Beyond human
A cursory list of Western fables would have to start with Aesop’s, before leapfrogging the centuries to the tales of Reynard the Trickster Fox, the stories of La Fontaine, Charles Perrault’s “Puss in Boots,” on up to the 20th century of George Orwell’s “Animal Farm.” And in each instance, animal protagonists serve as mirrors to a medley of human types, from the avaricious to the crafty to the noble.
South Africa-born writer Ceridwen Dovey, author of “Blood Kin,” takes her place along this literary continuum with her new collection of stories, “Only the Animals.” Something that distinguishes Dovey’s approach from her literary forebears, however, is that all of her animal protagonists are already dead, transmogrified into “souls,” and recounting their life stories against the varying backdrops of some of recent history’s most violent and destructive conflicts.
Dovey also has chosen to weave the lives of renowned literary figures into her characters’ stories. In “Pigeons, a Pony, the Tomcat and I,” for instance, we meet Kiki-la-Doucette, a cat who in both reality and fiction was the beloved angora of the taboobusting writer Colette.
Separated from her while she’s gone to visit “her new husband, the awful Henri, who was made a sergeant at the outbreak of the war and fully believes he deserves the title,” Kiki wanders into a soldiers’ encampment and settles in. She meets a tomcat from her old block and the two of them quickly become an item. While she waits for Colette to rescue her, Kiki encounters other animals forced into the war effort: message-bearing pigeons, enemy-sniffing dogs, pack mules with their vocal cords slashed so that their braying won’t reveal troop positions.

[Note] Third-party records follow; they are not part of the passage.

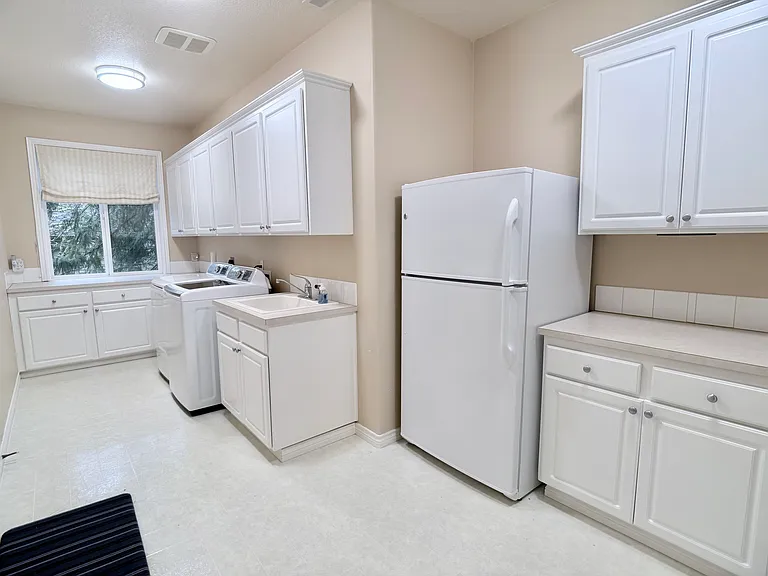 Spacious, fully equipped laundry room featuring abundant storage, a utility sink, washer and dryer, secondary refrigerator and generous counter space.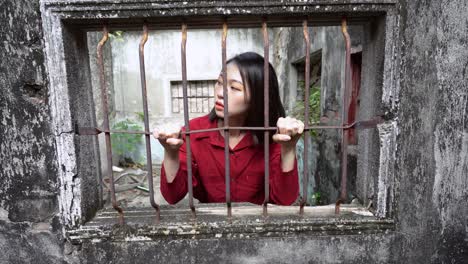 Ethnic-woman-looking-through-window-with-metal-grid-in-old-house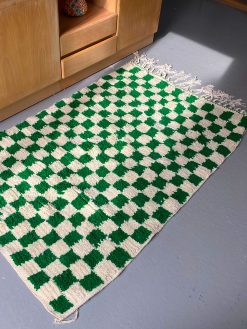 chequered rug in the softest wool with white and green checks.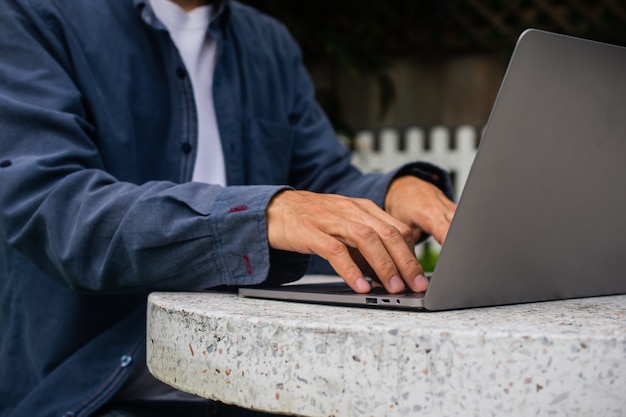 Primer mano escribiendo en el teclado de la computadora trabajar en casa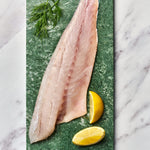 A portion of seabass fillet from Rockfish Online Seafood Market on a piece of marble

Yet while all of this “small” detail is told in a manner that’s both moving and horrific, the factual, totalizing destruction of World War I irrevocably looms large, overshadowing both Colette and Kiki’s presence. And when Kiki dies in the arms of a soldier, the story dissolves into sentimentality.
Despite the strength of Dovey’s prose, which is solid and accomplished throughout, other stories escape sentimentality only to become mired in earnestness. In “A Letter to Sylvia Plath,” a dolphin named Sprout explains her unwitting involvement in the death of an enemy diver in the Persian Gulf during Operation Iraqi Freedom.
While sharing her observations with Plath on such things as the near-telepathic communicating powers of dolphins and the singularly female experience of giving birth — as well as admitting a grudging respect for Ted Hughes — Sprout is also hoping to connect with a kindred suicidal spirit. But Sprout’s searching tone eventually turns sanctimonious, particularly when she asks the question, “Why do you sometimes treat other people as humans and sometimes as animals?” As if Plath might have an answer for us all.
A virtue of the collection lies in Dovey’s sometimes tacit, sometimes explicit examination of the master-slave relationship between animals and humans. Some of her protagonists — a camel enlisted for a mission to exhume an aboriginal queen’s bones, a laboratory chimp trained perhaps too successfully to behave like a human being — have been severed from families and homes and forced into servitude. While captive, they silently endure the intimate confessions of their captors or become tragically enmeshed in their sordid machinations.
Yet by privileging animal experience over human and then contextualizing it with repeated incursions of historical events and figures, Dovey introduces a tension that destabilizes the collection, upending her efforts to create and sustain a convincing “animal-first” telling.
Kafka’s glancing appearance in the life of the laboratory chimp exerts a disproportionate influence on the story’s outcome, making the whole thing feel contrived. In another story, a centenarian tortoise named Plautus describes escaping from the clutches of a hermit and putting himself in the care of the Tolstoy family before being passed on to Virginia Woolf, George Orwell and then Tom Stoppard, becoming a kind of Zelig of the animal kingdom along the way — but to no discernible end.
Couldn’t un-famous, “normal” people have served as equally worthy human characters for Dovey’s stories? Between the history lessons and the distracting celebrity writer cameos, it’s difficult to figure out what she’s after. As a result of these impulses, “Only the Animals” feels like an indeterminate manifesto alternately protesting human cruelty to all living things while celebrating a list of favorite writers and books.
One is finally left to wonder: Why aren’t these creatures ever given the opportunity to get angry and resist instead of observing and lamenting in all-too-human fashion? Despite Dovey’s deep research and ambitious scope, what these stories really lack is bite.